[Source material]

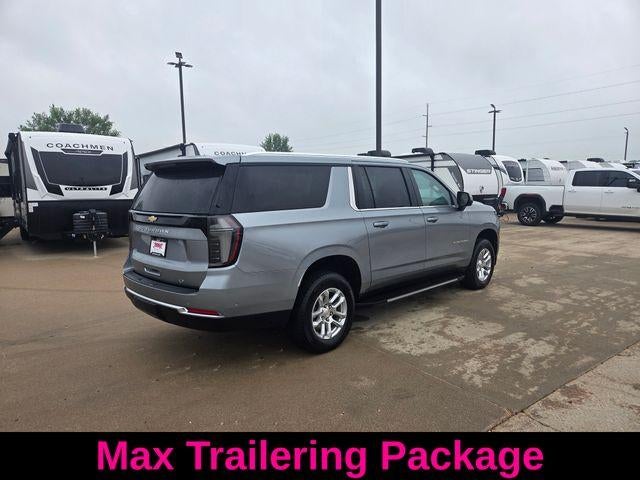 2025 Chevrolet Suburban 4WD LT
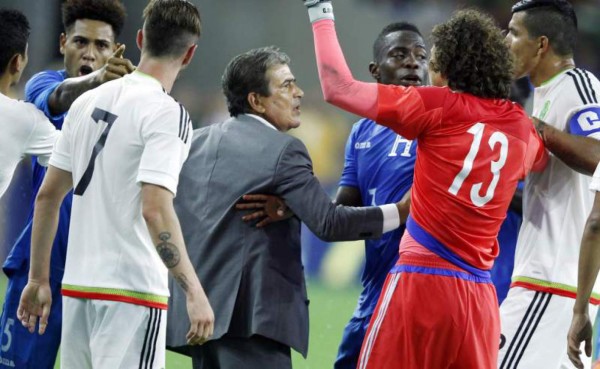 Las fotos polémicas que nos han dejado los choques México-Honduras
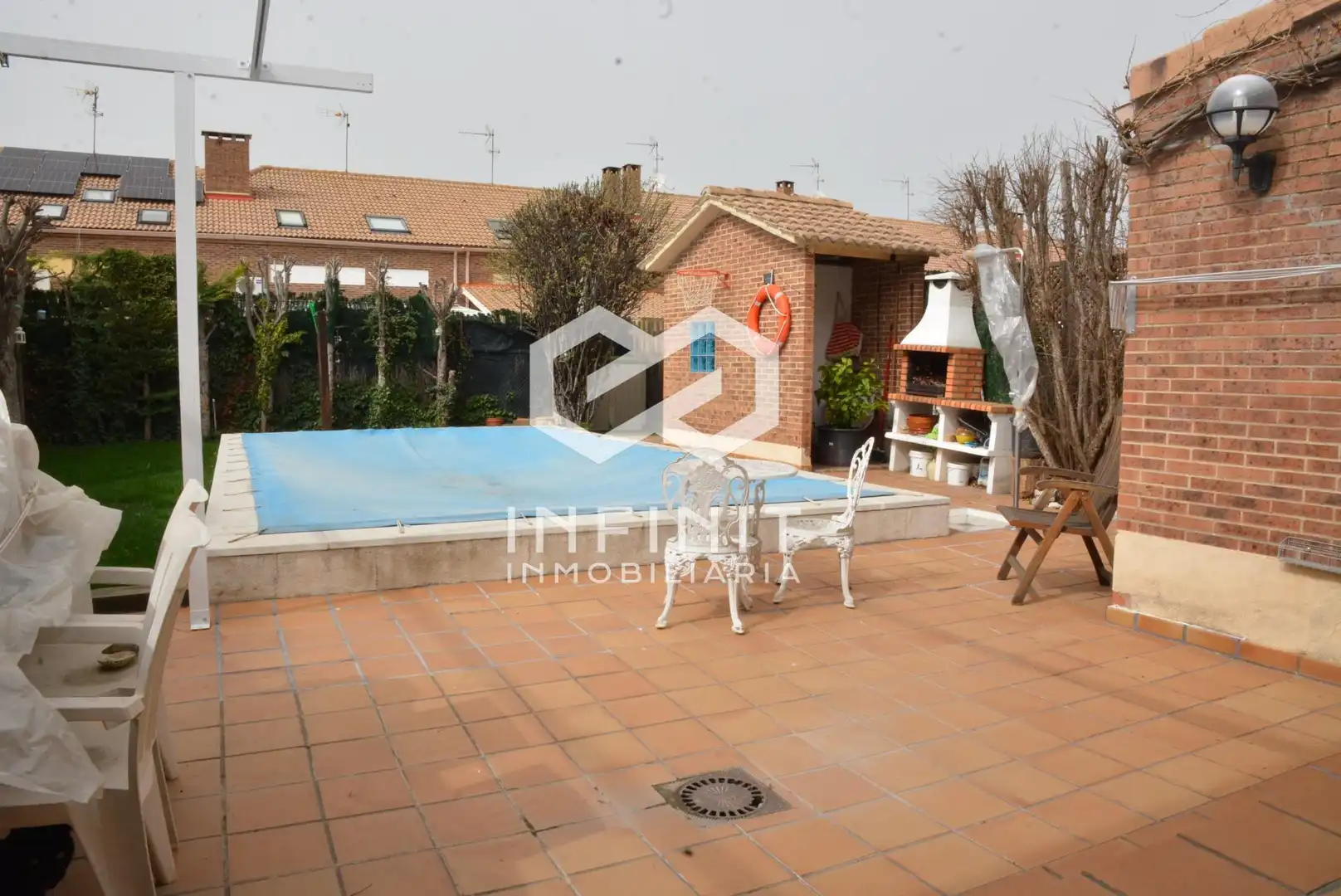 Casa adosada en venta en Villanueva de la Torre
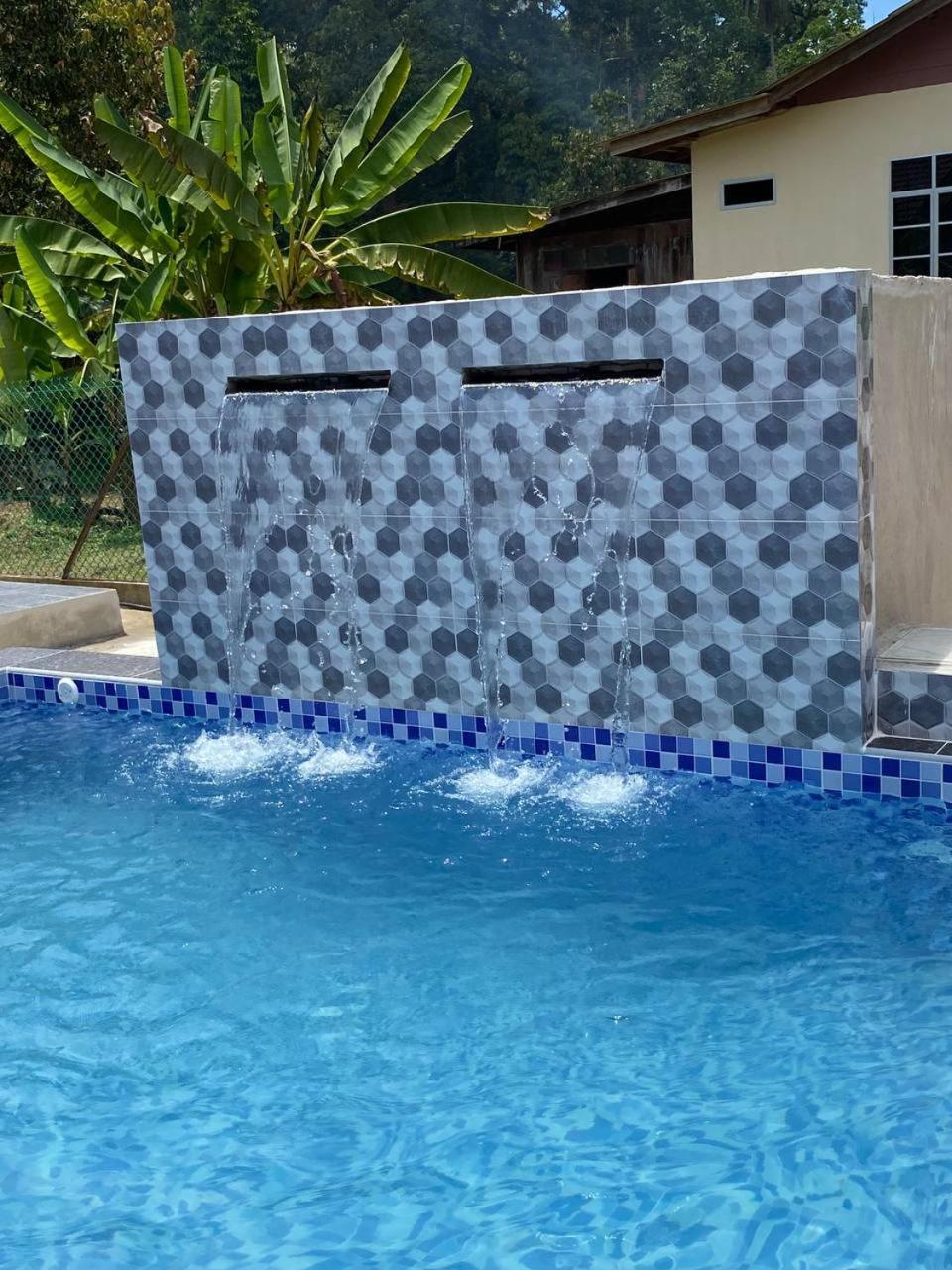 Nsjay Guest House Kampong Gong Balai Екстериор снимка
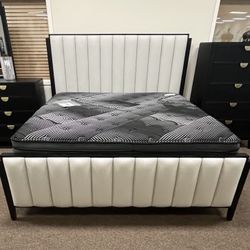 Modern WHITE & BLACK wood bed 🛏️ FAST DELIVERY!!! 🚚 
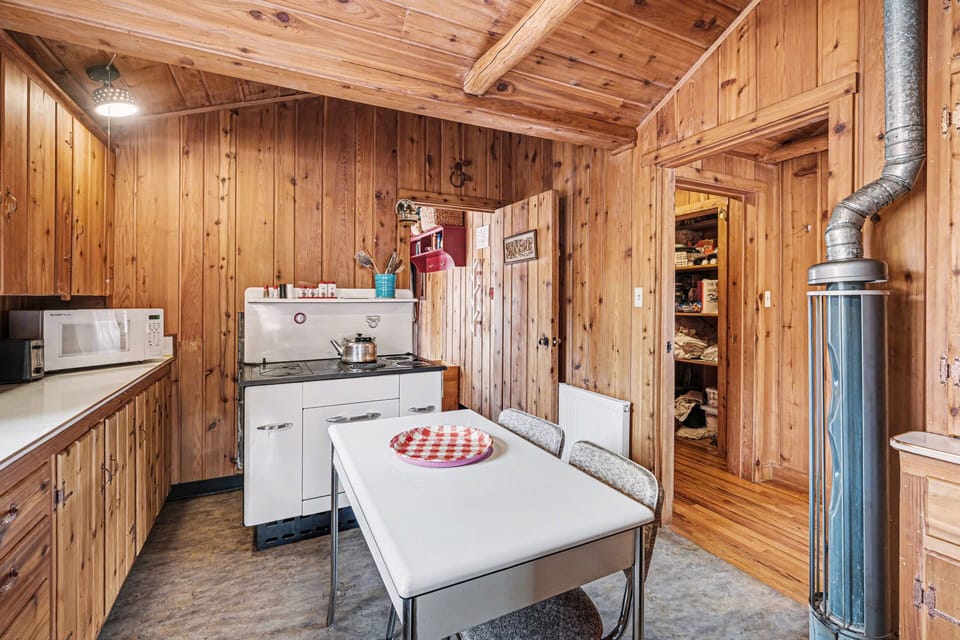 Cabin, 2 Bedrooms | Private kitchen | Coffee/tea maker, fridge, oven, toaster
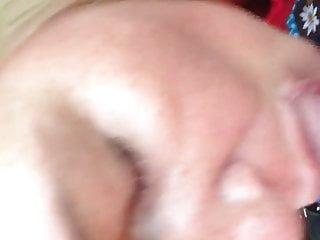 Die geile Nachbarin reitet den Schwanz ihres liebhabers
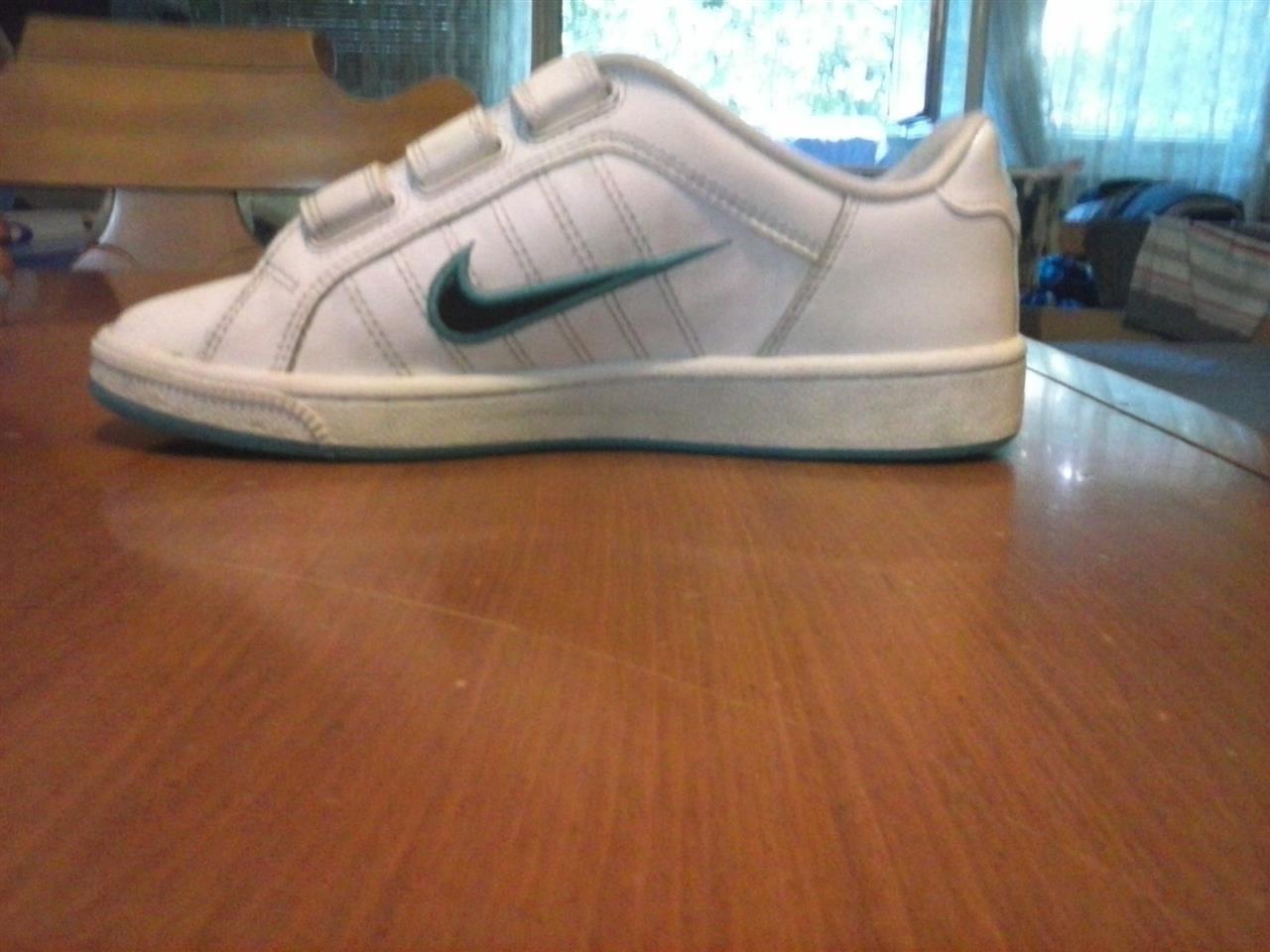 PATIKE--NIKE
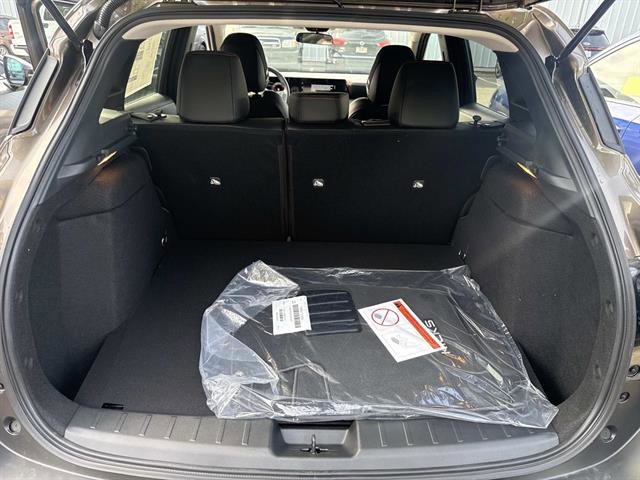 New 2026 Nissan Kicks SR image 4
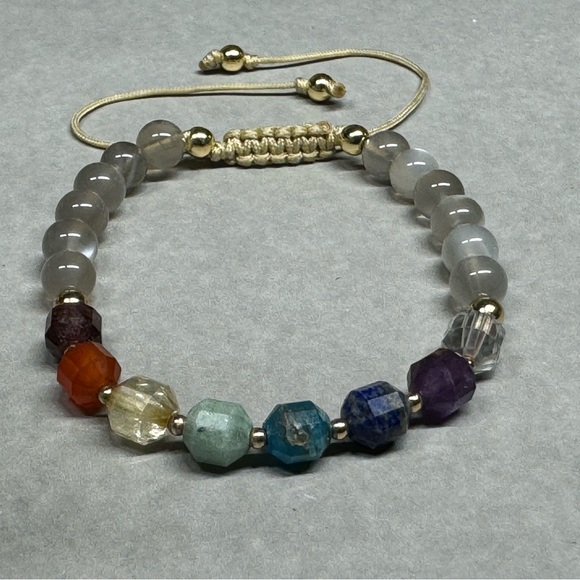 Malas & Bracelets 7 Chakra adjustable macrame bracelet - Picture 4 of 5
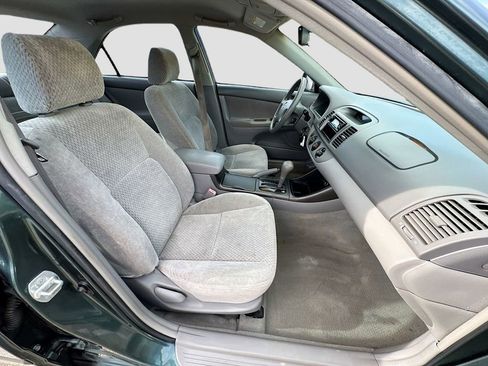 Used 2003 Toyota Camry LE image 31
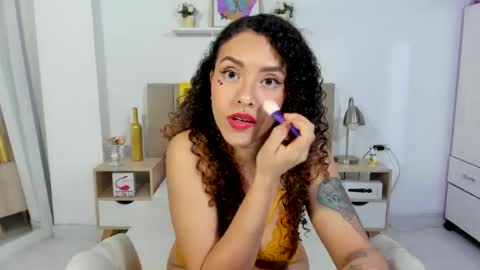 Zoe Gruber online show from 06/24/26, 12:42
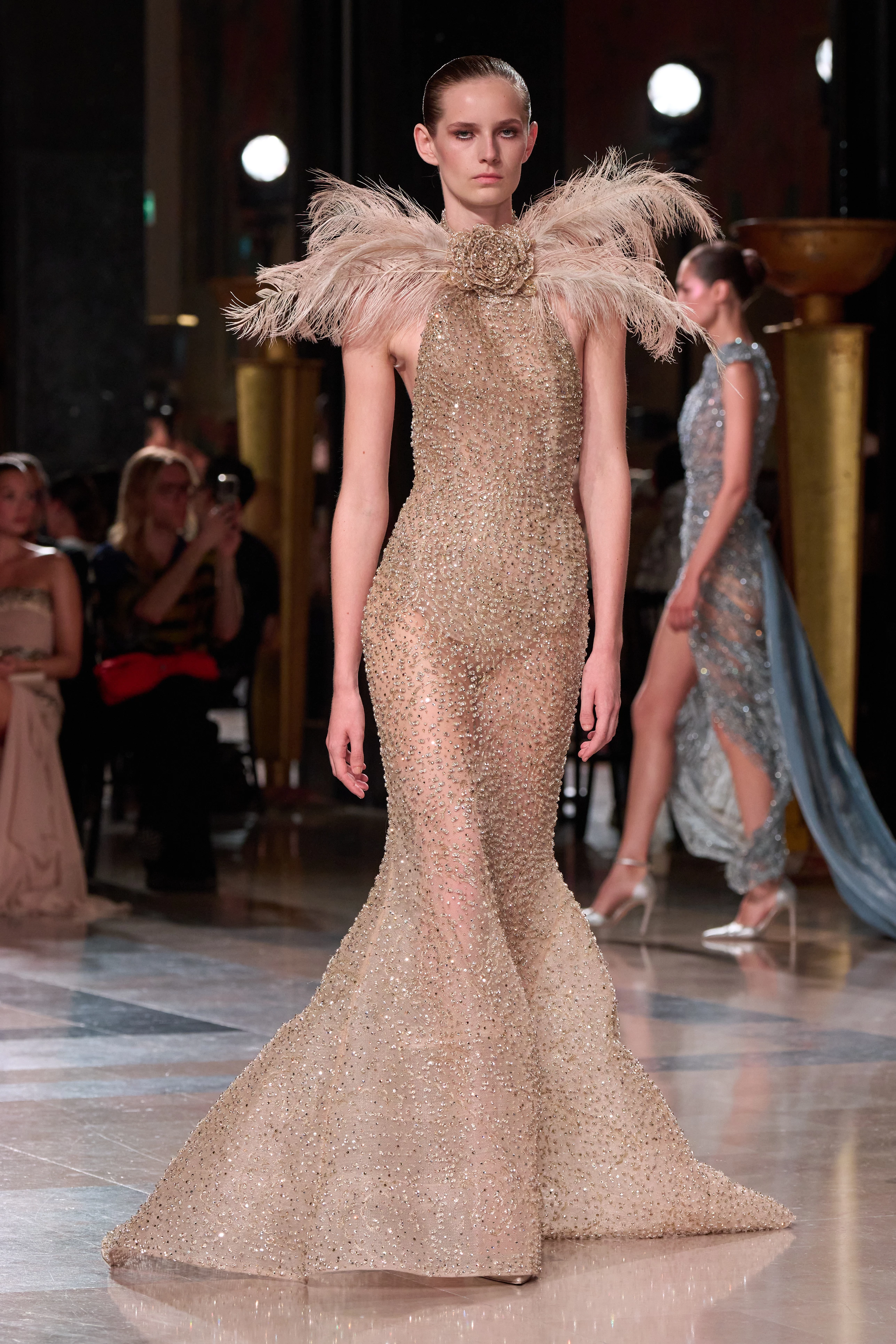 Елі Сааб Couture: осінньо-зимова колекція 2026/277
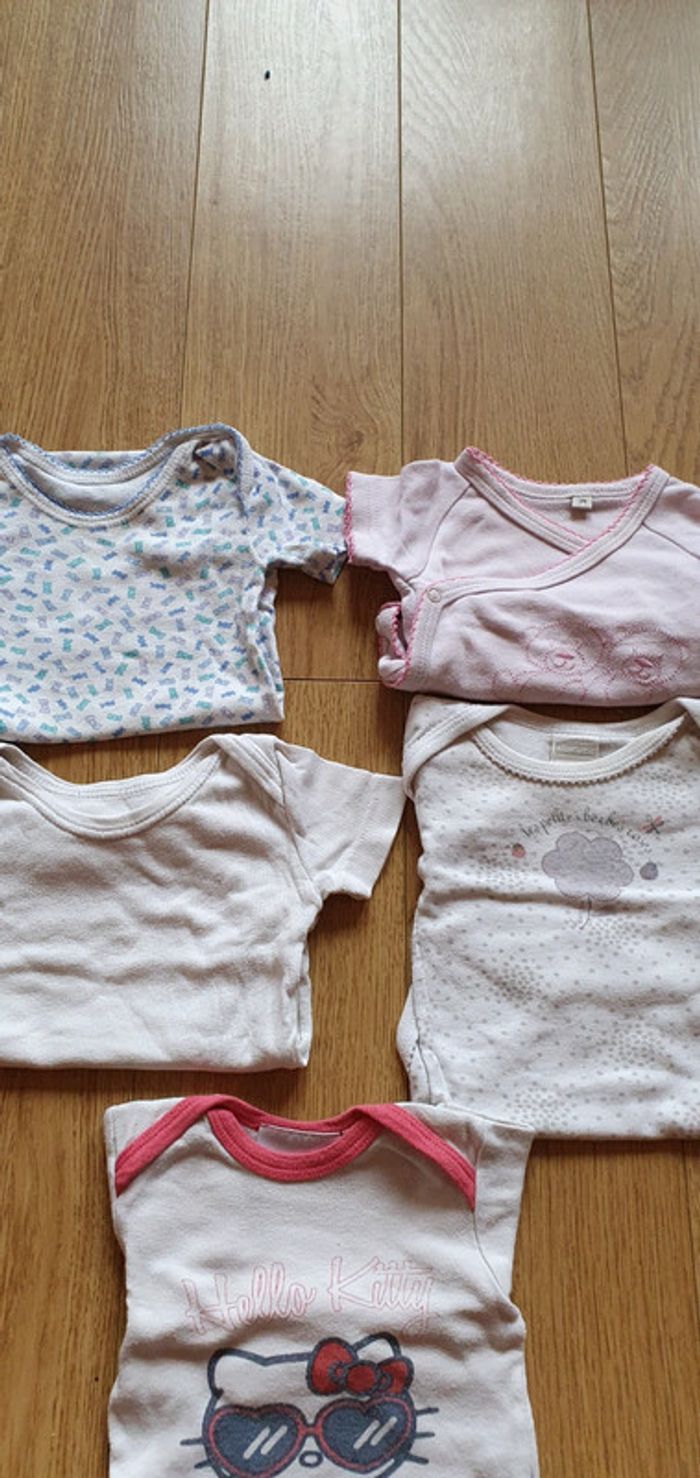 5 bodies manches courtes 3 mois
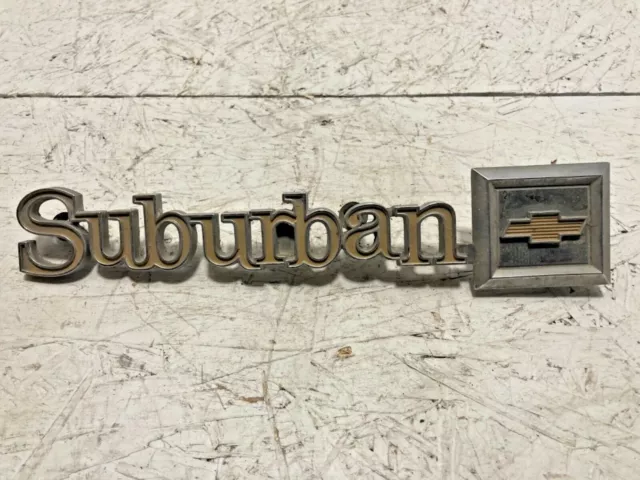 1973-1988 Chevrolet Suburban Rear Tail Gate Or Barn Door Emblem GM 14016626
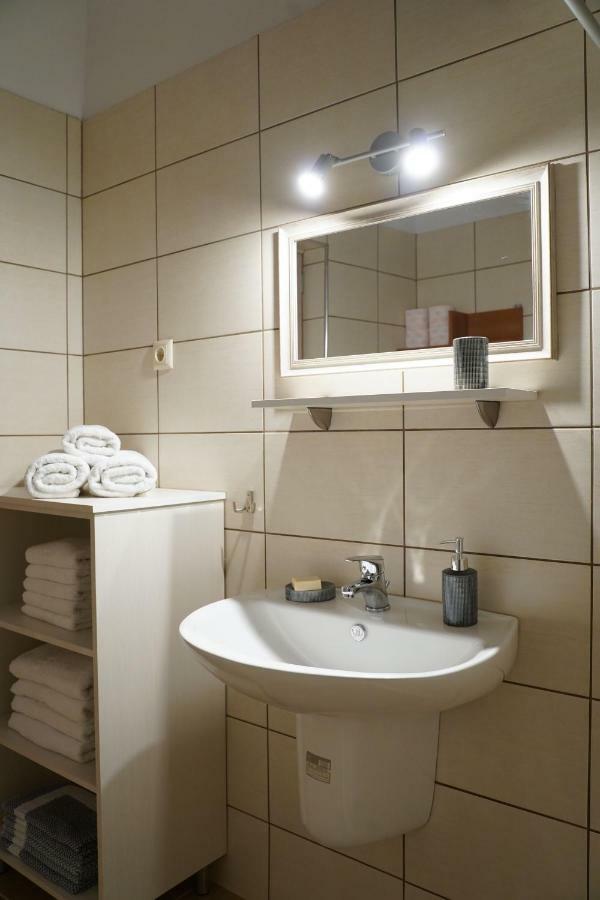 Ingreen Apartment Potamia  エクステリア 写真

[/Source material]

Copy everything above from the line holding "Las fotos polémicas" down to the line holding "New 2026 Nissan Kicks SR image 4", both ends included, exactly as it stands and without the pictures.

_Answer to the exercise_:
 Las fotos polémicas que nos han dejado los choques México-Honduras
 Casa adosada en venta en Villanueva de la Torre
 Nsjay Guest House Kampong Gong Balai Екстериор снимка
 Modern WHITE & BLACK wood bed 🛏️ FAST DELIVERY!!! 🚚 
 Cabin, 2 Bedrooms | Private kitchen | Coffee/tea maker, fridge, oven, toaster
 Die geile Nachbarin reitet den Schwanz ihres liebhabers
 PATIKE--NIKE
 New 2026 Nissan Kicks SR image 4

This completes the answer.